#### Requirement
From the records that follow, return exactly the lines beginning at the one that contains "325 Stone Orchard Dr photo 6" and ending at the one that contains "Overmarine Mangusta 72", pictures left out.

#### Listed entries
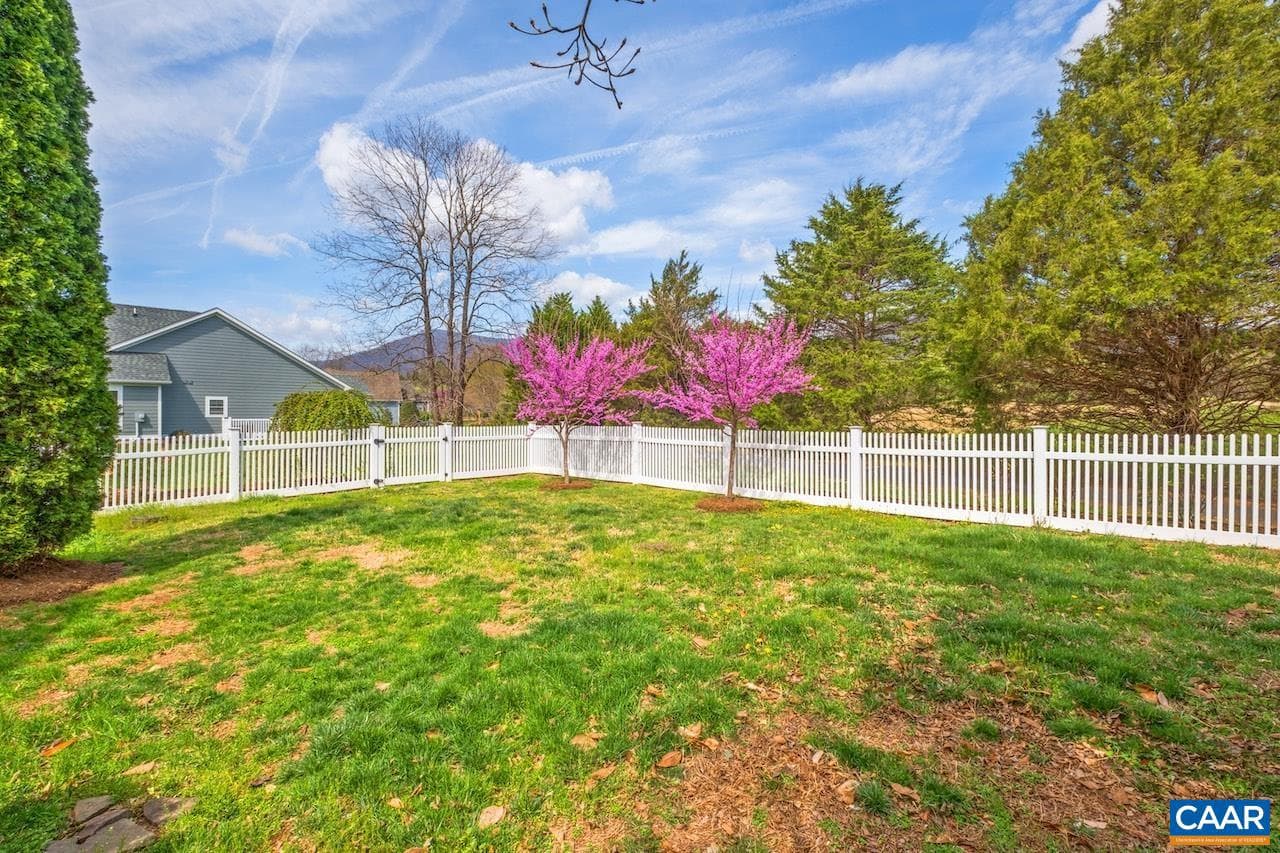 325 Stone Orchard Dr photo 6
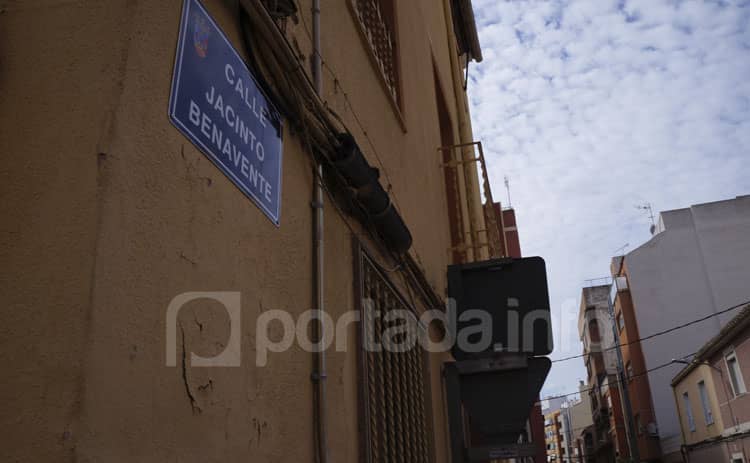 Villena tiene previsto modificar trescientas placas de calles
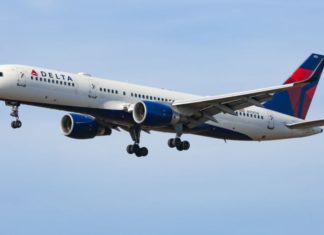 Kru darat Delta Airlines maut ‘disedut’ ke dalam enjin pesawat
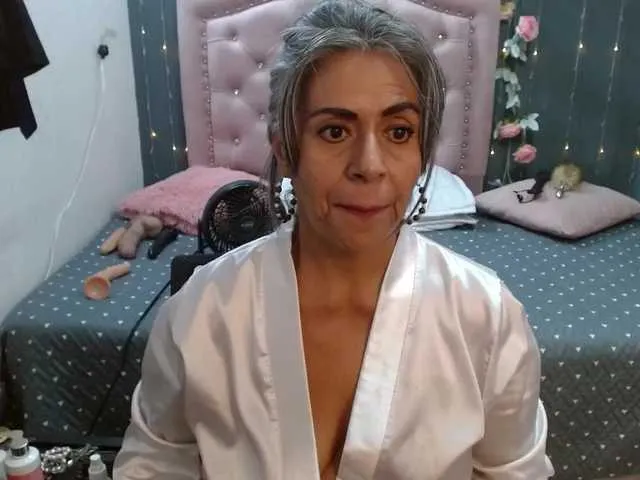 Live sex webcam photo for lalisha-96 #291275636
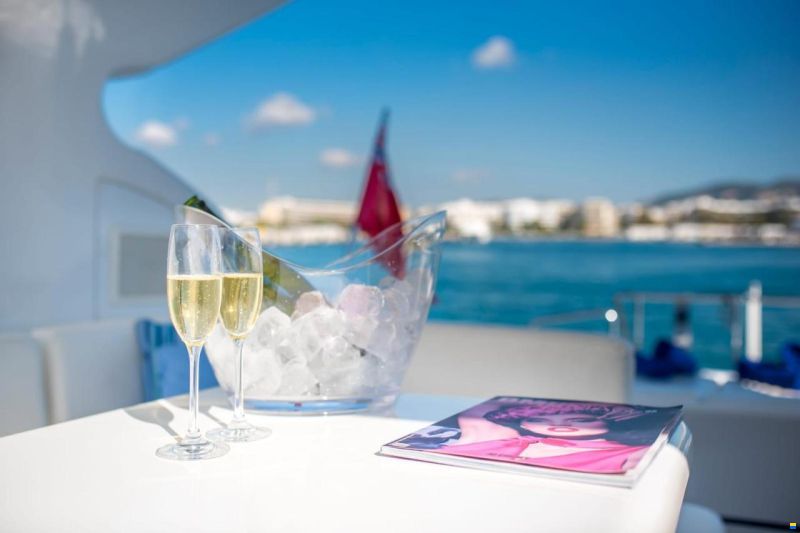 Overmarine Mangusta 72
--
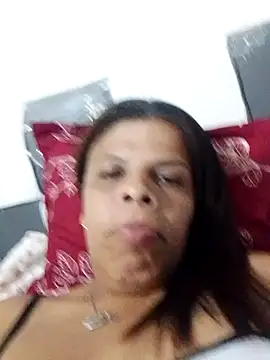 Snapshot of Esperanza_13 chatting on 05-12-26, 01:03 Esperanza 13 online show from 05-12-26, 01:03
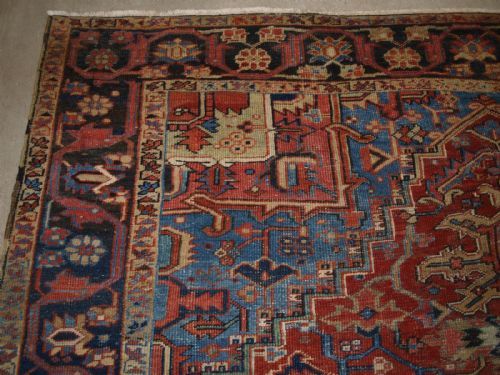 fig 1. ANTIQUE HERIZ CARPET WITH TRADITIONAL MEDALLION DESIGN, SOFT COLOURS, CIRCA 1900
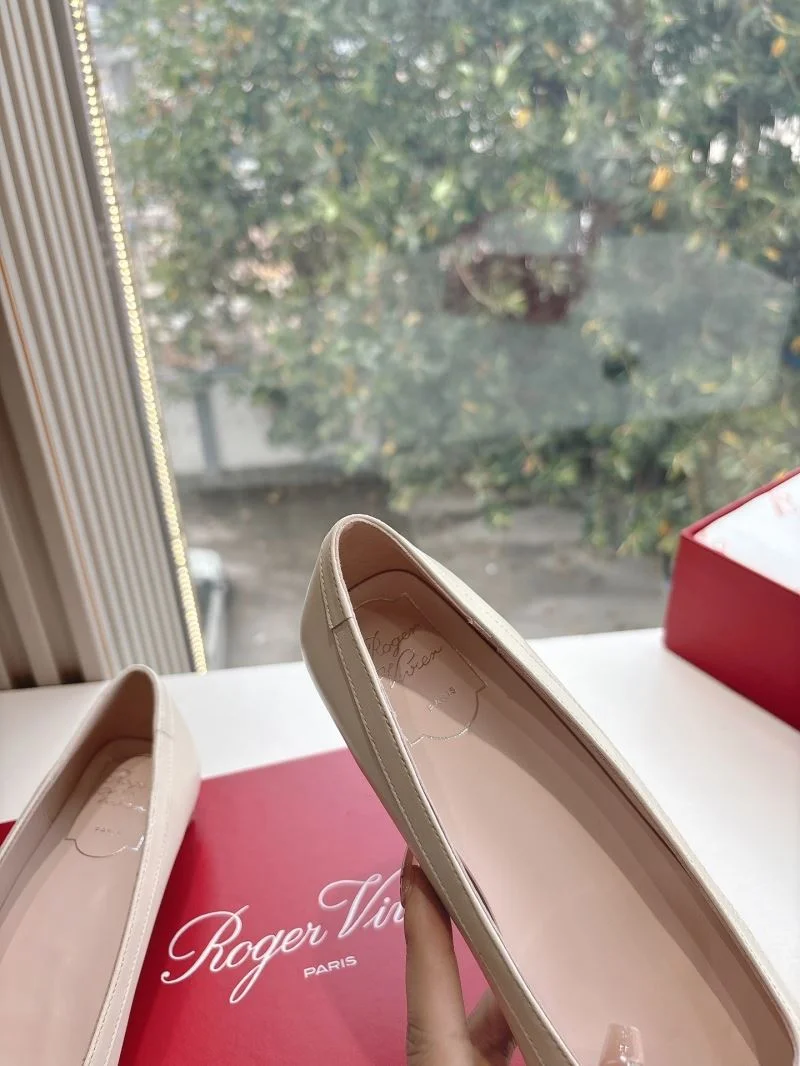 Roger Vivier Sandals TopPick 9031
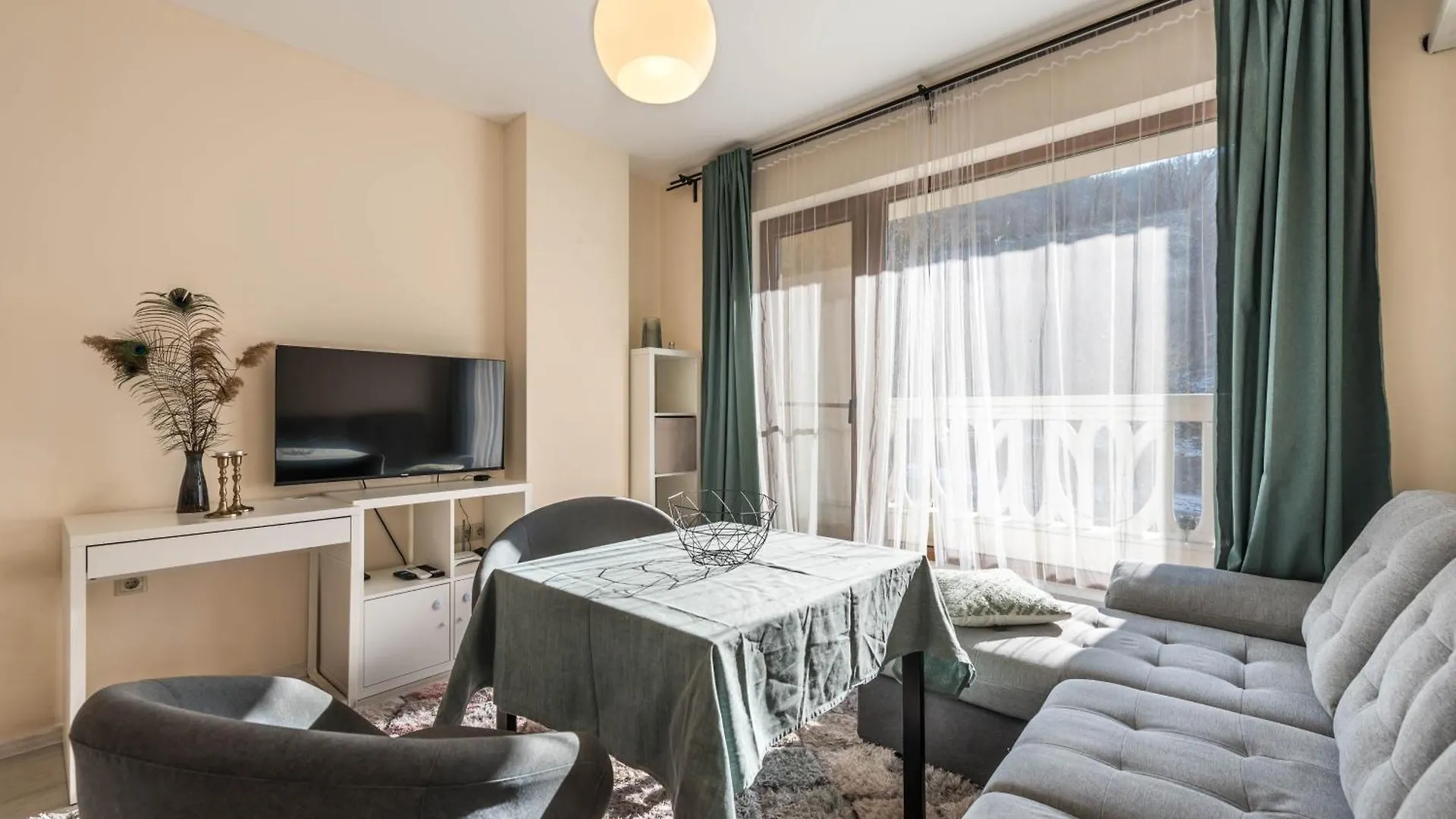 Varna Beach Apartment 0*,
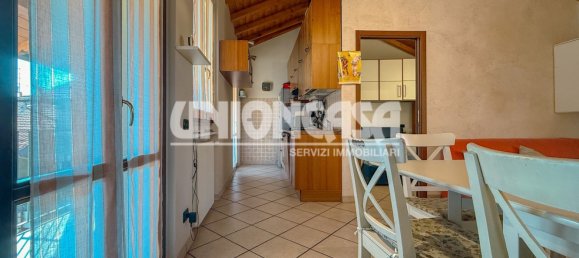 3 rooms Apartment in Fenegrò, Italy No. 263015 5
* * *
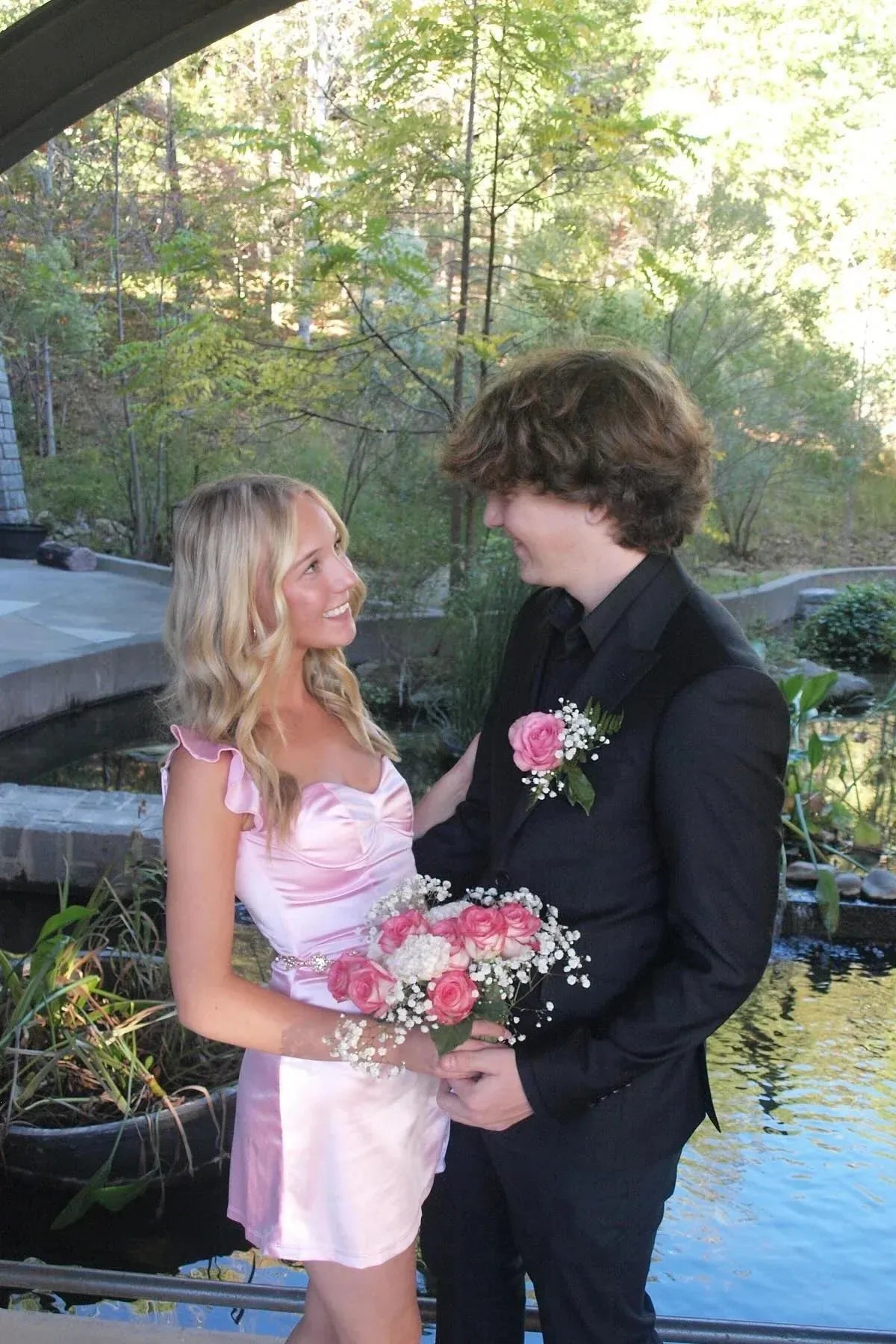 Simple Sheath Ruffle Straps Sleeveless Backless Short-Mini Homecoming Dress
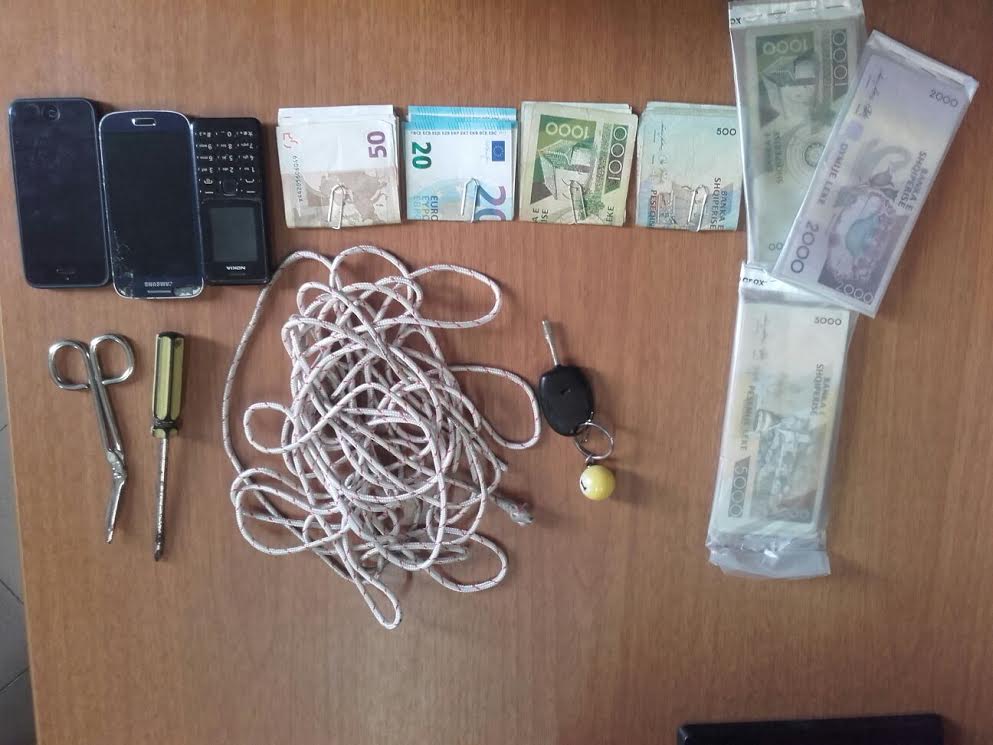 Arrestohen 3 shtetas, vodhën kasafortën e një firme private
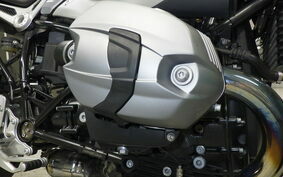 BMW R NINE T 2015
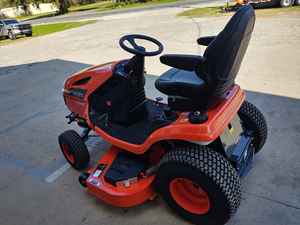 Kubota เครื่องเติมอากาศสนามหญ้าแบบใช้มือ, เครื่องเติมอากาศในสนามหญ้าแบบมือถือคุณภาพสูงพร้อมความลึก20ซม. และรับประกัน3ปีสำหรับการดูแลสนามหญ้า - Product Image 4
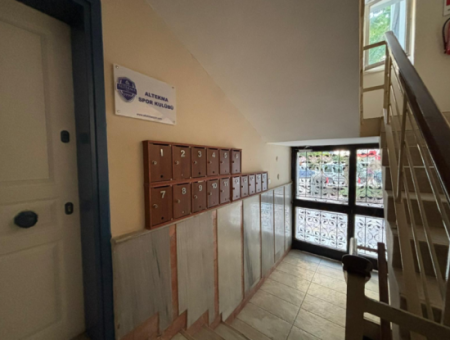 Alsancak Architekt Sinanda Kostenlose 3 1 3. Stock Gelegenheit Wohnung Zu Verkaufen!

#### Result of the task
 325 Stone Orchard Dr photo 6
 Villena tiene previsto modificar trescientas placas de calles
 Kru darat Delta Airlines maut ‘disedut’ ke dalam enjin pesawat
 Live sex webcam photo for lalisha-96 #291275636
 Overmarine Mangusta 72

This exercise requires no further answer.